Medical examiners noted that one of Limonti’s wounds indicated he had been struck in the head with a blunt object. One knife blow to this neck severed his spinal column, almost entirely detaching his head.
And Yunusova insisted that there was no way Limonti would have been driving around with a knife. He possessed only one hunting knife and he had left that at home on that day, she said.

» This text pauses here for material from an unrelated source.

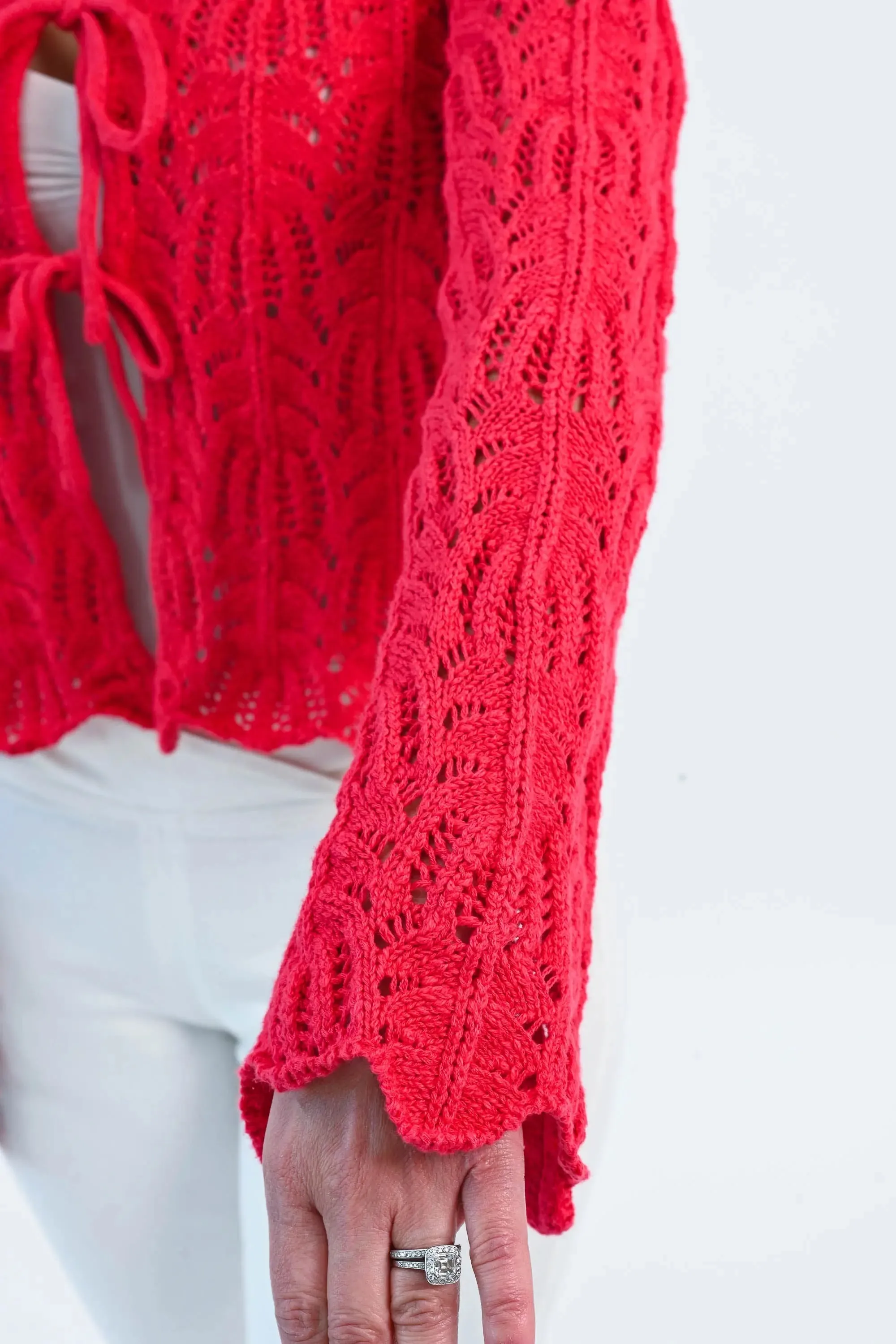 My One True Love Front Tie Knit Cardigan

Khadija Zazazova, a lawyer acting for Yunusova, argued furthermore that one person acting in an emotional state could hardly be expected to inflict the injuries that he did. When Shamiyev handed himself in, his jacket and shoes were completely clean, which would have been impossible had he been handling a body in the cramped confines of a blood-soaked automobile, Zazazova said.
“The blow to the neck was the last and decisive one. That was when his cervical vertebra was broken,” she said. “Just one person sitting in the front [seat of a car] could not have done that, and certainly not in five minutes.”
On February 18, at the end of a trial that lasted almost a year, Shamiyev was sentenced to 10 years in prison. Neither his relatives nor those of Limonti are happy with the verdict.
Shamiyev’s family say the court failed to properly consider all aspects of their self-defense argument.
Yunusova says the court was overly lenient and should have also taken account of the prosecution’s contention that an entire group of killers might have been involved in perpetrating a cold-blooded execution.
“The children had not seen much of their father,” Yunusova said. “We had hoped that we could go on a trip somewhere together with the kids as soon as his [parole ended]. We had so many plans. He didn’t want to die.”
Ayzirek Imanaliyeva is a journalist based in Bishkek.